Reputation: 1
I've deployed a Asynchronous SageMaker Endpoint and I want it to scale out (to 0 instances) when nothing is requested for a period of times and to scale in when something is requested (to <=1 instances)
I've followed some post online and I created the scaling policy like this:
self.scaling_policies = self.client_autoscaling.put_scaling_policy(
PolicyName=self.policy_name,
ServiceNamespace="sagemaker",
ResourceId=self.resource_id,
ScalableDimension="sagemaker:variant:DesiredInstanceCount",
PolicyType="StepScaling",
StepScalingPolicyConfiguration={
"AdjustmentType": "ChangeInCapacity",
"MetricAggregationType": "Average",
"Cooldown": 60,
"StepAdjustments":
[
{
"MetricIntervalLowerBound": 0,
"ScalingAdjustment": 1
}
]
},
)
response = self.client_cloudwatch.put_metric_alarm(
AlarmName=self.policy_name,
MetricName='HasBacklogWithoutCapacity',
Namespace='AWS/SageMaker',
Statistic='Average',
EvaluationPeriods= self.evaluation_periods,
DatapointsToAlarm= self.datapoints,
Threshold=self.target_value,
ComparisonOperator='GreaterThanOrEqualToThreshold',
TreatMissingData='breaching',
Dimensions=[
{ 'Name':'EndpointName', 'Value': self.endpoint_name},
],
Period=self.period,
AlarmActions=[self.scaling_policies['PolicyARN']],
)
The endpoint succesfully creates and I see that there is a scaling policy attached to it.
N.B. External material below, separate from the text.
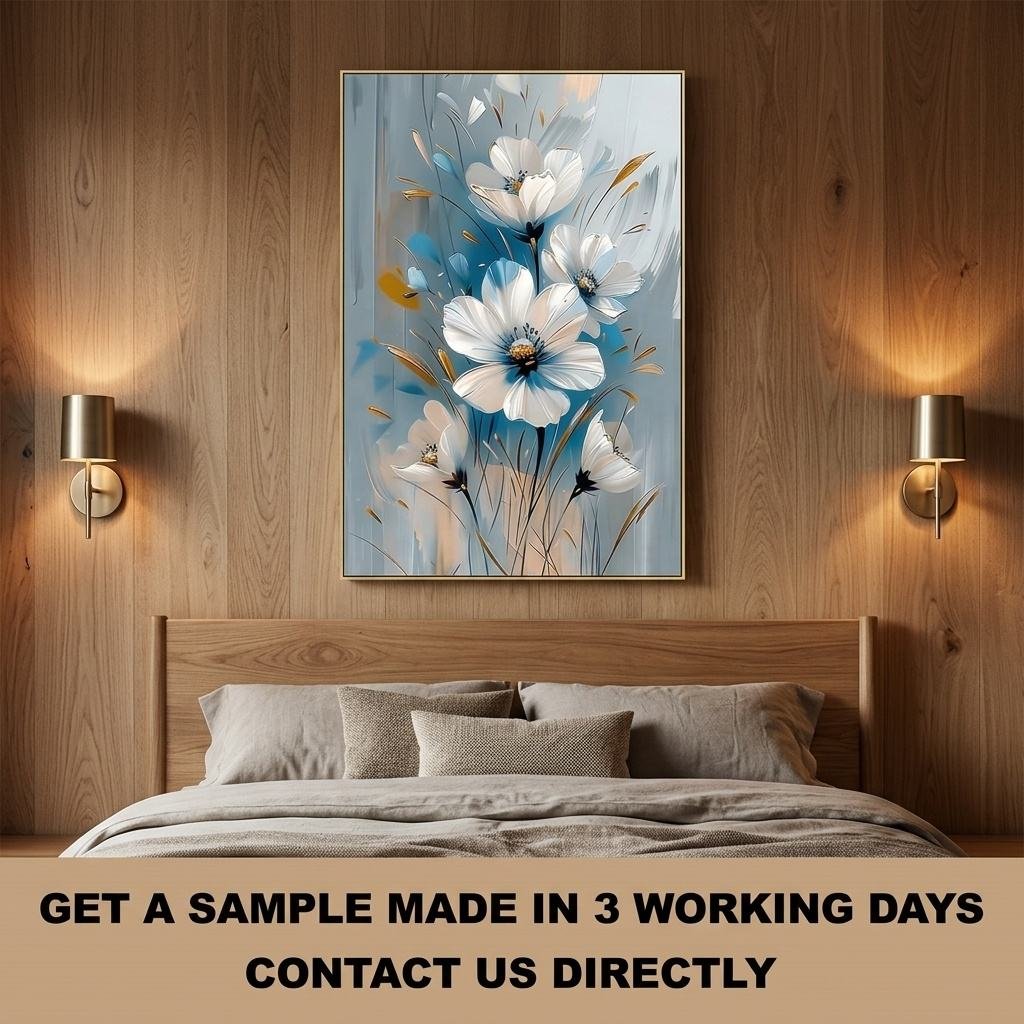 Bespoke 3D Heavy Impasto Abstract Canvas Painting for Luxury Hotel Guestroom Wall Decor Modern Commercial Fit-out Project Art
I've also see that an alarm is triggered but it doesn't scale out (it is deployed with an initial instance count of 1 and I expect to quickly go to 0)
Any help?
I tried to create a Asynchronous SageMaker Endpoint with a scaling policy to scale in an scale out following this posts:
https://docs.aws.amazon.com/sagemaker/latest/dg/async-inference-autoscale.html
How to Quickly Scale SageMaker Async Endpoint from 0 to 1 Instance for a Single Request?
Upvotes: 0
Views: 97
Reputation: 616
Has a similar Issue, In my case It was insufficient quota
How I debugged It
2024-12-19 08:46:44
Action
Successfully executed action arn:aws:autoscaling:x:x:scalingPolicy:x:resource/sagemaker/endpoint/x/variant/x:policyName/x
aws application-autoscaling describe-scaling-activities --service-namespace sagemaker --resource-id endpoint/x/variant/x
Issue was not enough quota for specific Instance type
"StatusMessage": "Failed to set desired instance count to 3. Reason: The account-level service limit 'ml.p2.xlarge for endpoint usage' is 2 Instances, with curre
nt utilization of 0 Instances and a request delta of 3 Instances. Please use AWS Service Quotas to request an increase for this quota. If AWS Service Quotas is not available
, contact AWS support to request an increase for this quota. (Service: AmazonSageMaker; Status Code: 400; Error Code: ResourceLimitExceeded; Request ID: x; Proxy: null)."
Upvotes: 0